Its a shame we can't find a foster and have a fundraiser But I am on the east coast........


----------



## Mason05 (Jun 22, 2010)

BUMP for the sweetie. Any updates on this little one?


----------



## shilorio (Mar 21, 2010)

that is.. omg.. i cant belive that could happen to such a sweet pup.. bless her heart


----------



## Zeusismydog (Aug 23, 2001)

I cant foster her but I am willing to help transfer her to a foster. I live in Oregon (eugene) so if she needs a ride any place in oregon let me know. I am willing to help!


----------



## Melly (Mar 21, 2010)

Wow poor little baby, wish she was closer.


----------



## cagirl (Apr 17, 2010)

I live not to far from there, I may see what I can do, will they release her to just a regular person or do I have to be a rescue? I am not sure if I can afford the vet bills though so maybe I shouldnt do it.
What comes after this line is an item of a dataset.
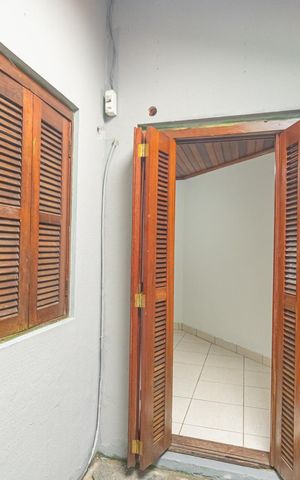 Casa à venda com 212m², 3 quartos e 2 vagas Casa à venda com 212m², 3 quartos e 2 vagasQuarto 2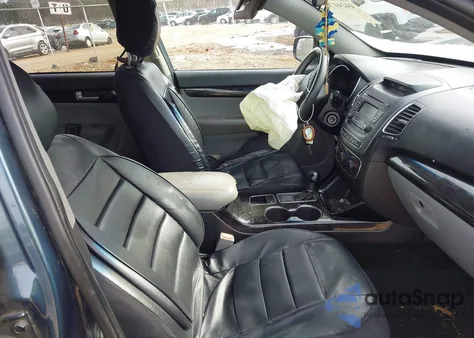 2014 Kia Sorento from USA, damaged, VIN 5XYKE3A60EG474715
I jsut feel horrible for her and want to just love her up.


----------



## akittrell (Mar 10, 2010)

Poor puppy, some people should not be allowed to have animals


----------



## sstcredo (Apr 19, 2010)

help him please asap


----------



## Hatterasser (Oct 25, 2007)

has anyone any idea if this poor baby is still alive?


----------